[Data supplied — start]

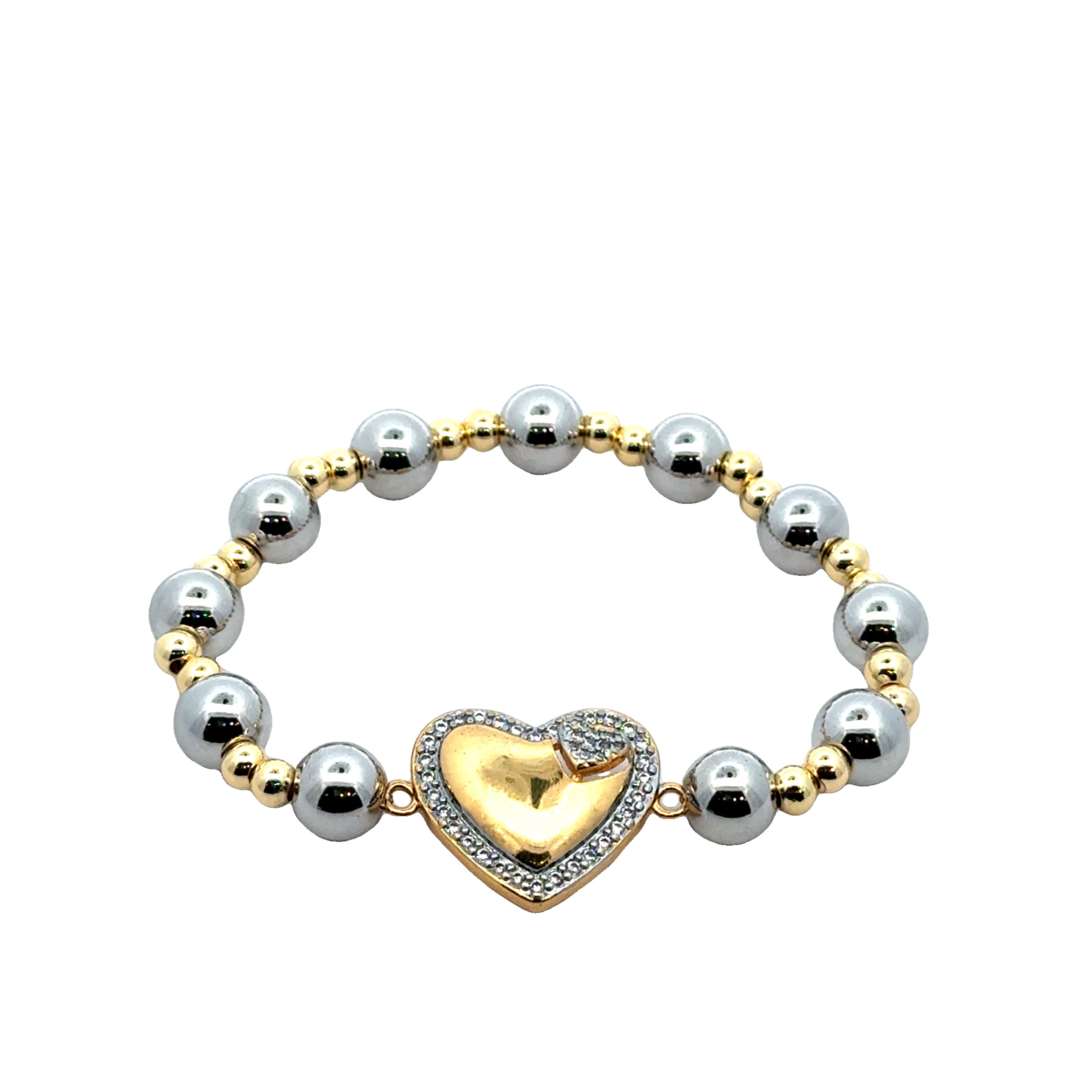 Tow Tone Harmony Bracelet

[Data supplied — finish]
[Data supplied — start]

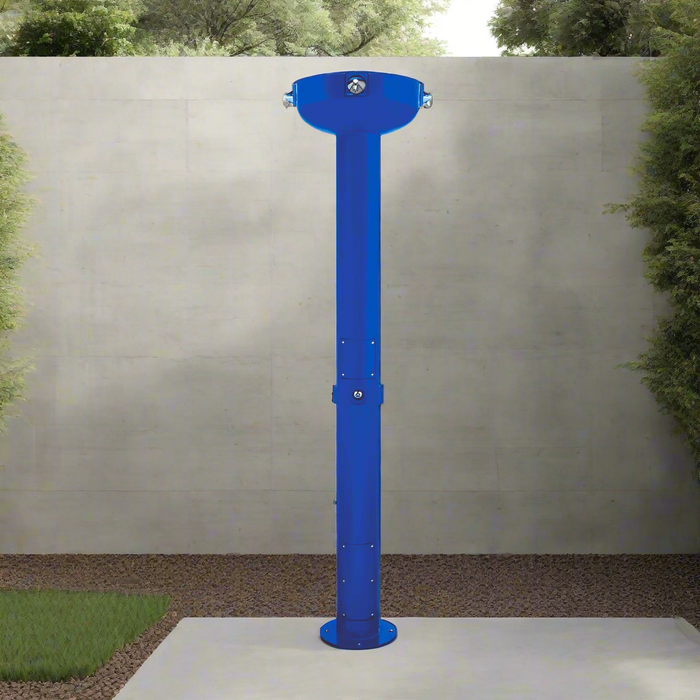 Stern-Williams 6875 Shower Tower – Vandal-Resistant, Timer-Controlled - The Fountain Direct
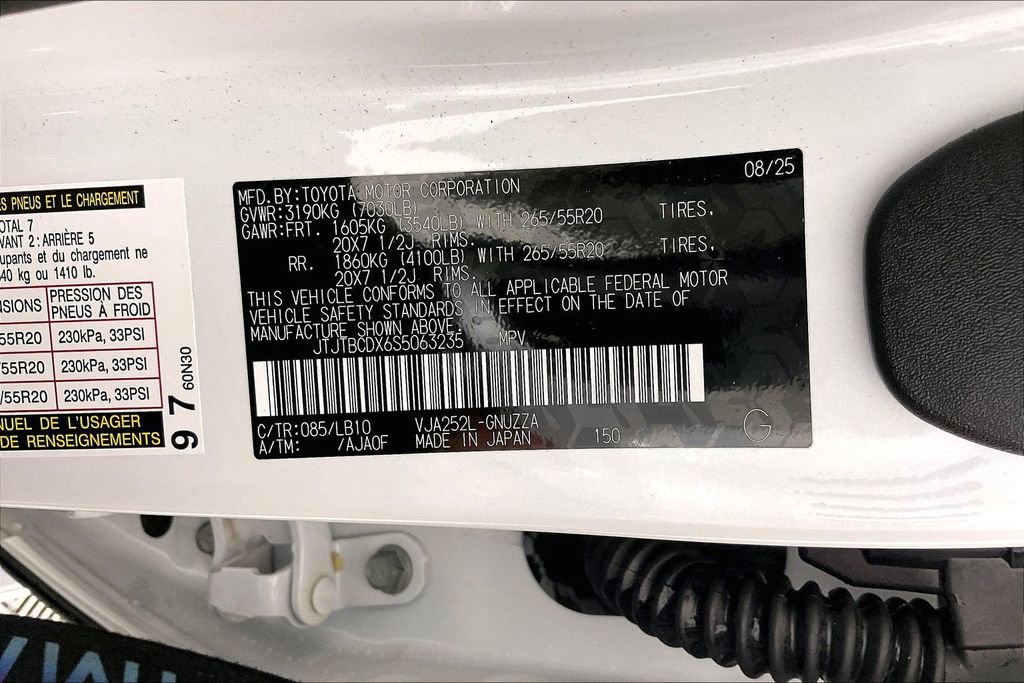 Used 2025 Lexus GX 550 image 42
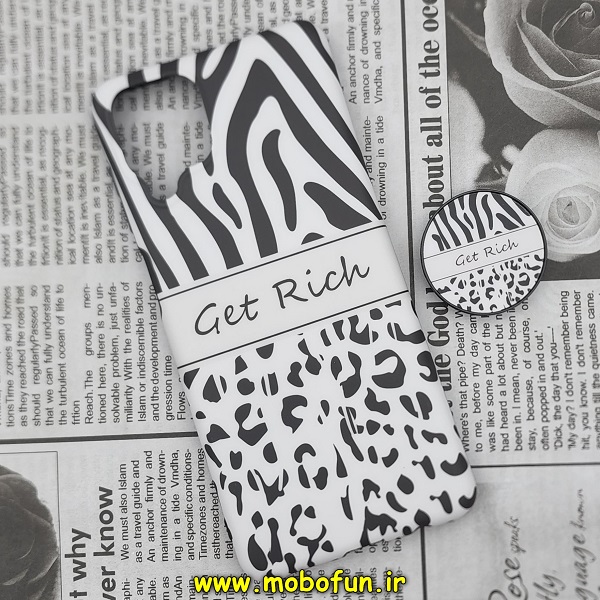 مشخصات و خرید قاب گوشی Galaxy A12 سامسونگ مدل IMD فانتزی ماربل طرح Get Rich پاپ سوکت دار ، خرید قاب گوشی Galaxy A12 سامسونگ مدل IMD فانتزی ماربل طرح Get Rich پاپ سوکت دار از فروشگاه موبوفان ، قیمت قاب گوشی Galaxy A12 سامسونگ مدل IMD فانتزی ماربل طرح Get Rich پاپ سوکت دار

[Data supplied — finish]

Once the line with "Used 2025 Lexus GX 550 image 42" is found in the data above, reproduce it and each line after it exactly, through the line with "مشخصات و خرید". Omit the pictures.

▶ _Written reply_
 Used 2025 Lexus GX 550 image 42
 مشخصات و خرید قاب گوشی Galaxy A12 سامسونگ مدل IMD فانتزی ماربل طرح Get Rich پاپ سوکت دار ، خرید قاب گوشی Galaxy A12 سامسونگ مدل IMD فانتزی ماربل طرح Get Rich پاپ سوکت دار از فروشگاه موبوفان ، قیمت قاب گوشی Galaxy A12 سامسونگ مدل IMD فانتزی ماربل طرح Get Rich پاپ سوکت دار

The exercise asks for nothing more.